Your objective -> Among the entries below, find the line with "The last thing", then quote it and each following line up to and including the line with "And through this, we", and nothing else.
*** Begin section ***
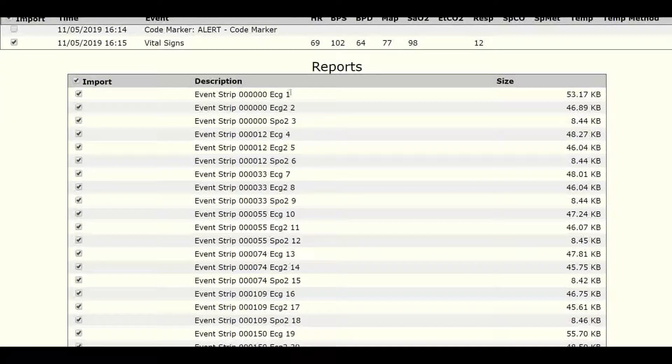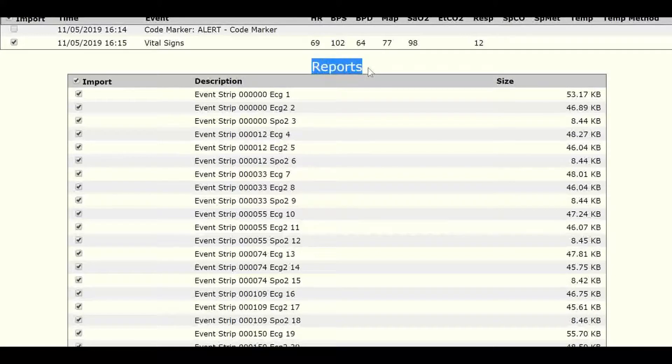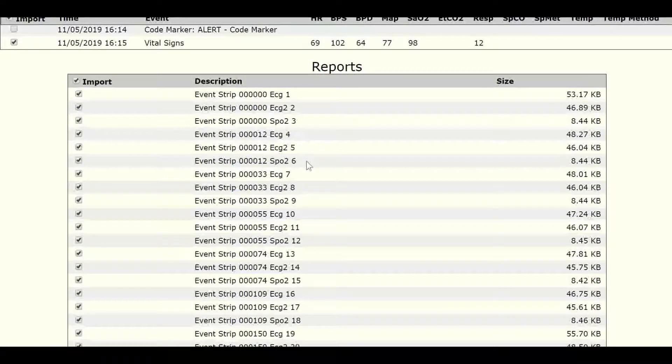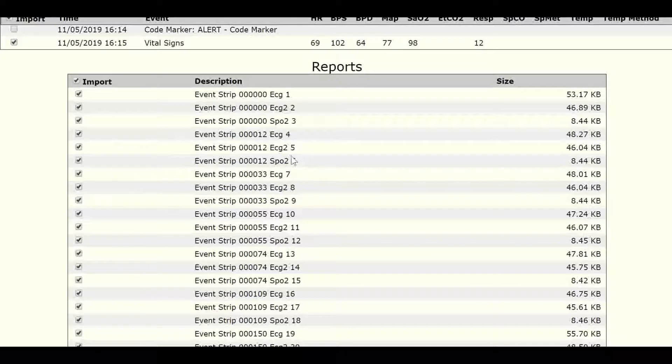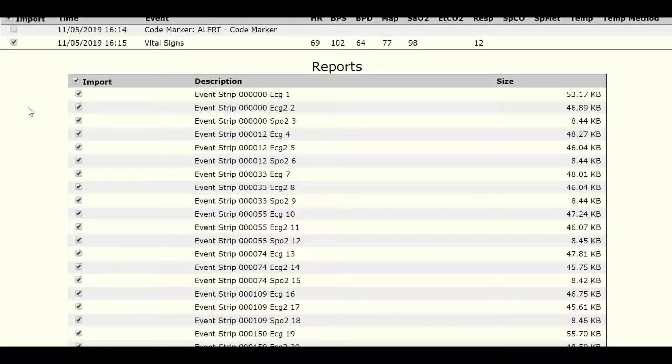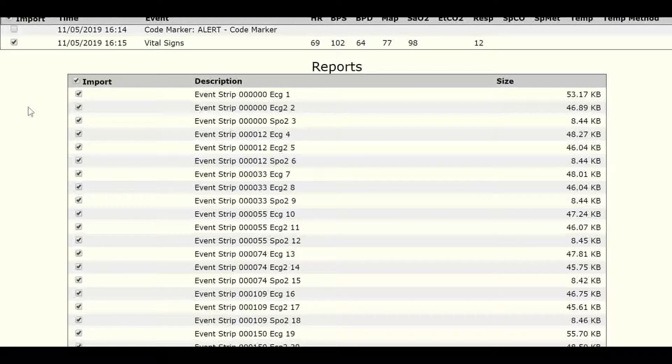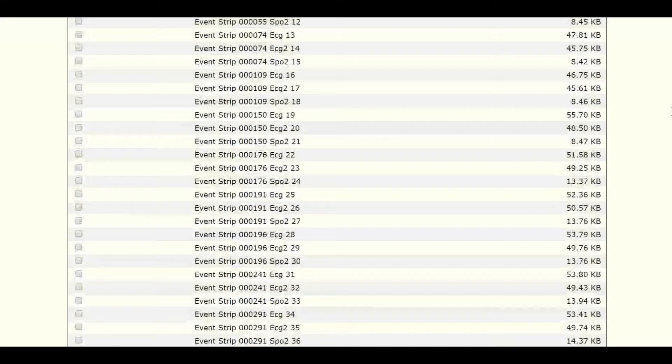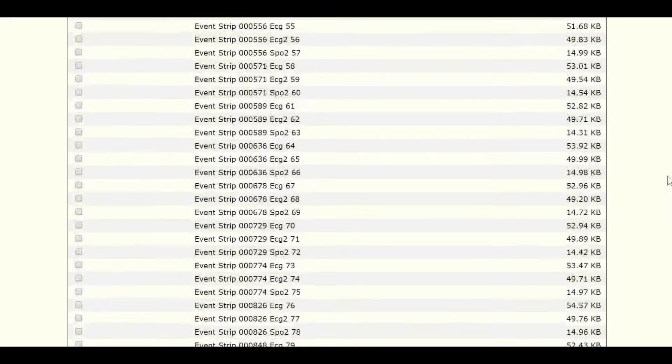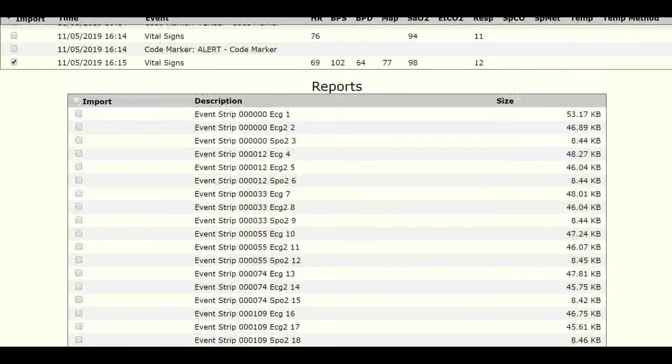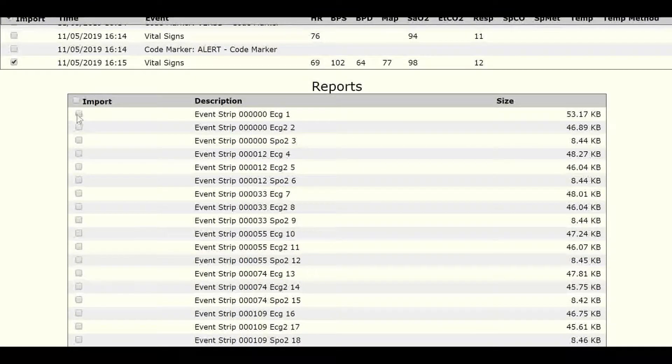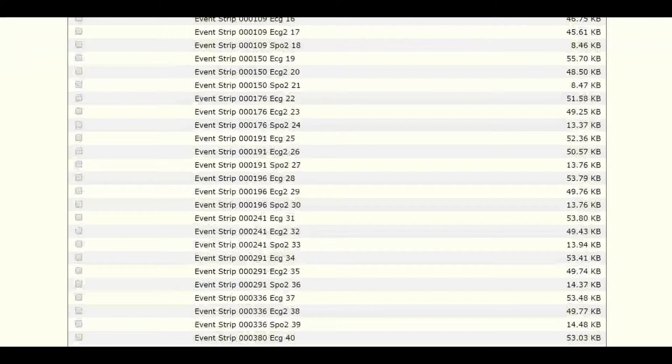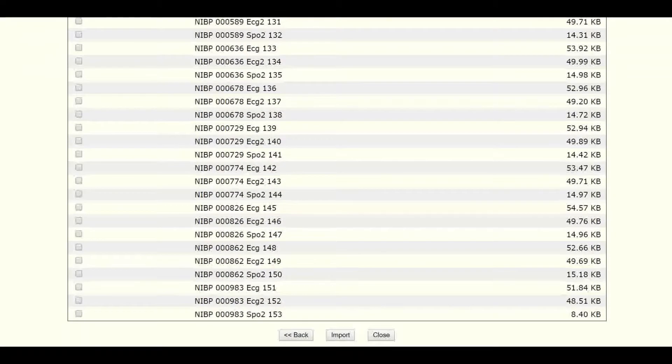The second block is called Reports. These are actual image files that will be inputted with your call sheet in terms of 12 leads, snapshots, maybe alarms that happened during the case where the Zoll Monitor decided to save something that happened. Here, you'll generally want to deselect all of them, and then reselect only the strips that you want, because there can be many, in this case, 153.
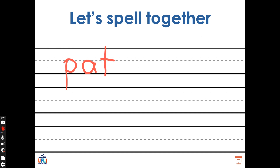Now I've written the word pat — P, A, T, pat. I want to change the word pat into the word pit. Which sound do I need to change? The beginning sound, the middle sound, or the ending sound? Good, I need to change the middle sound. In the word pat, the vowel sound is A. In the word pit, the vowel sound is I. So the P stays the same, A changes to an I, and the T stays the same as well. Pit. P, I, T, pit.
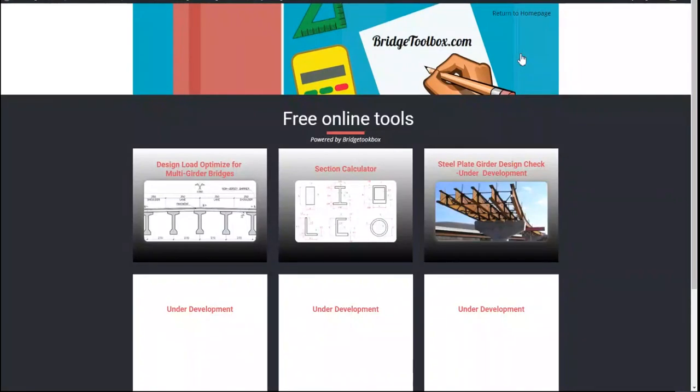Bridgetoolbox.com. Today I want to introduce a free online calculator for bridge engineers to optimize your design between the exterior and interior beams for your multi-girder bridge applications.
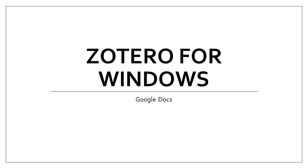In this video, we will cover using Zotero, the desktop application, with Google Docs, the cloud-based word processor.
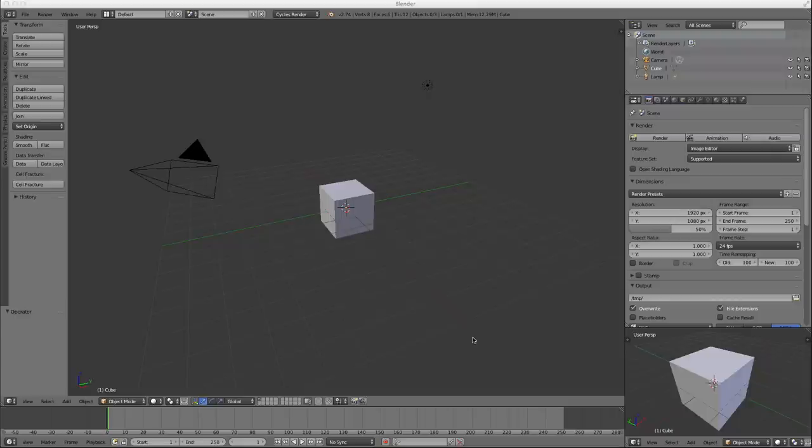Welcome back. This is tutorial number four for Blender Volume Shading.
*** End section ***
*** Begin section ***
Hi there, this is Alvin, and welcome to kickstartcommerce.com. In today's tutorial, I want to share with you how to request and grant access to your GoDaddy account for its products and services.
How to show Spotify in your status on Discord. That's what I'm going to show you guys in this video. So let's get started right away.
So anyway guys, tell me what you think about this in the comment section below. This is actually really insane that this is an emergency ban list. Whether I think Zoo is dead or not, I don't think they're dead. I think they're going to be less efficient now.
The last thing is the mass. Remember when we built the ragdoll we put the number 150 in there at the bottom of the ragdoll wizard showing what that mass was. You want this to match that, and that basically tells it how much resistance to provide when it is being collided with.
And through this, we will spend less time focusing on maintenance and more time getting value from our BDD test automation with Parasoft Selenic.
*** End section ***
Solution for this problem ->
The last thing is the mass. Remember when we built the ragdoll we put the number 150 in there at the bottom of the ragdoll wizard showing what that mass was. You want this to match that, and that basically tells it how much resistance to provide when it is being collided with.
And through this, we will spend less time focusing on maintenance and more time getting value from our BDD test automation with Parasoft Selenic.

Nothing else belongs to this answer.